IDCFP looks at an institution’s ROE in terms of two components, return on operating earning assets (ROEA) and return on financial leverage (ROFL), both of which provide additional insight into management’s style, operating and financial decisions.
- ROEA measures the profitability of an institution’s operating strategy. It is the percentage of after-tax income from operations before funding costs divided by earning assets. Components of this numerator include income from loans and investments, non-interest income, operating expenses and taxes, and the change in the loan loss reserve. ROEA reflects the operation of an institution, as if equity and the loan loss reserve were total liabilities and capital.
- ROFL measures the profitability of an institution’s financial strategy and reflects the degree to which an institution uses deposits and debt to finance its operating strategy. IDCFP defines ROFL as the leverage spread (after-tax operating income [ROEA] less the after-tax cost of funding deposits and debt) times the leverage multiplier. The leverage multiplier equals net adjusted debt (earning assets funded by deposits and debt) divided by the total equity capital plus the loan loss reserve.

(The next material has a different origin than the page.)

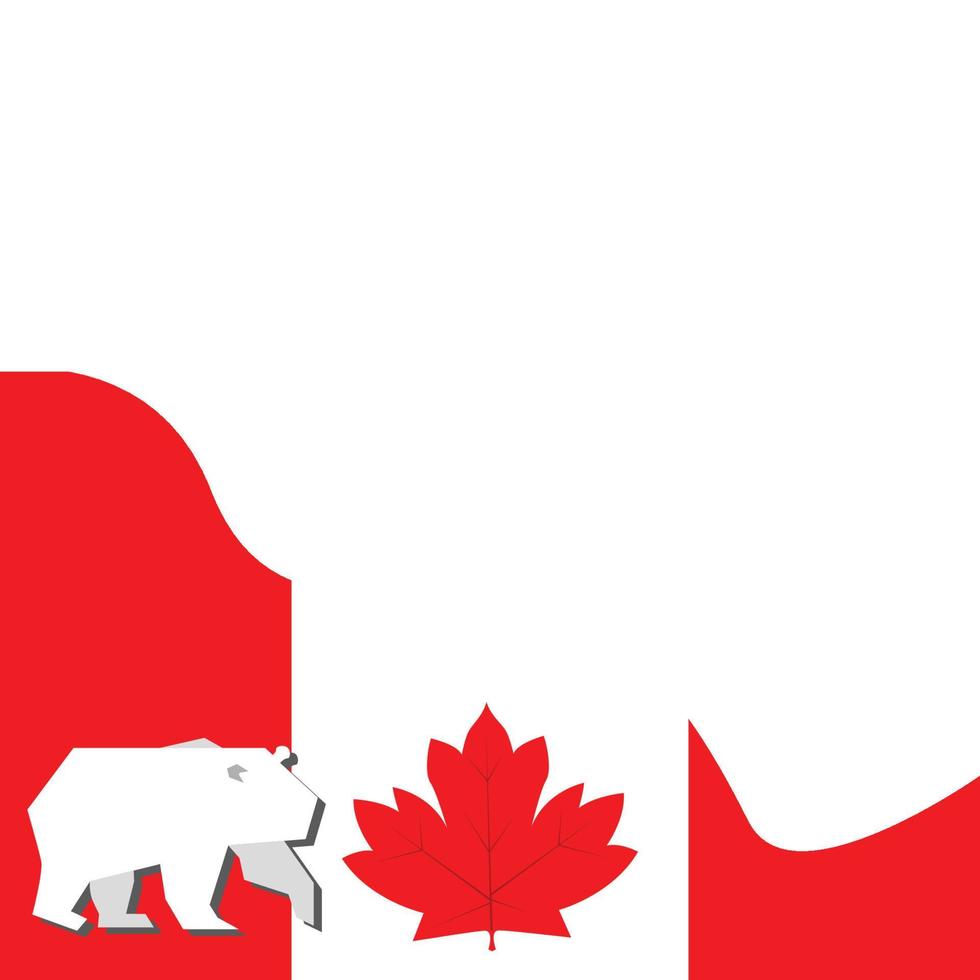 canada template copyspace vector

Our CAMEL ratings of banks, savings institutions, and credit unions range from 300 (the top grade attainable) to 1 (the lowest). From the early 1990’s, through today, institutions using our ranks determined that ratings lower than 125 were deemed below investment grade. A low return from operations, combined with rising funding costs, creates a negative leverage spread. This negative spread multiplied by a bank’s leverage provides a highly negative ROFL, and, as a result, leads to a rank below 125.

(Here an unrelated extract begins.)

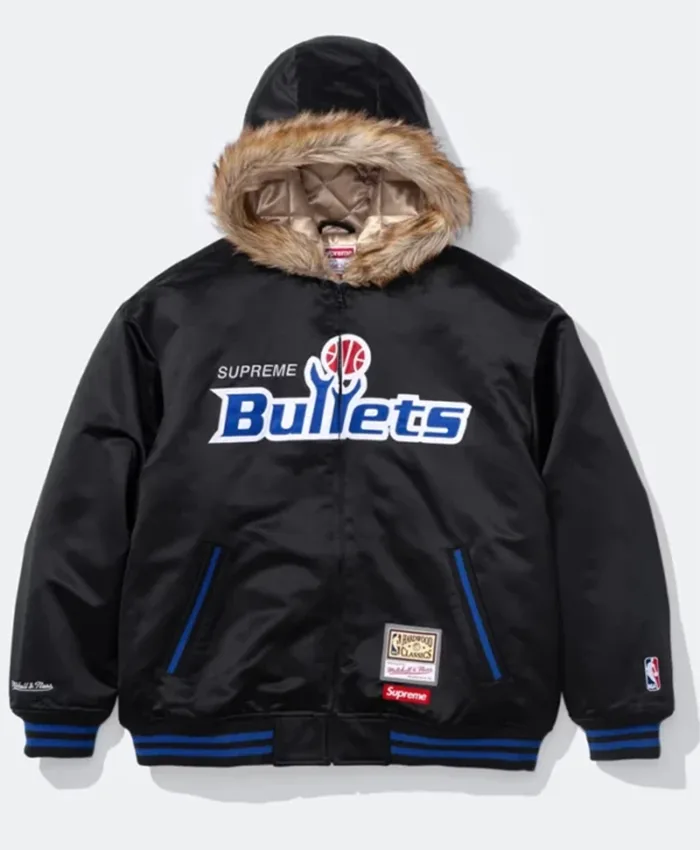 Supreme x Mitchell & Ness Washington Bullets Hooded Jacket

Forecasting the Next Banking Crisis - Updated with 2018Q4 ranks
Out of the 5,453 total commercial banks and savings institutions, we have identified 307 ranked less than 125 in the fourth quarter of 2018. When we see the number of these poorly rated banks reach a low and begin to rise, either in the total institutions ranked or by CAMEL component, this indicates the potential for a future crisis.
Table I illustrates the trend of one CAMEL component reaching its low when examining commercial banks and savings institutions ranked less than 125 by IDCFP (see Table I). Most of these components, however, are still declining as of the fourth quarter of 2018.
- The number of risky institutions reached a new low of 307 in the fourth quarter of 2018.
- The “C” component, or institutions with insufficient capital, fell to a new low of 31 in the fourth quarter of 2018.
- The “A” component represents institutions lacking adequacy of capital to cover delinquency with less than 5% risk-adjusted capital. These institutions declined to a new low of 41 in the fourth quarter of 2018.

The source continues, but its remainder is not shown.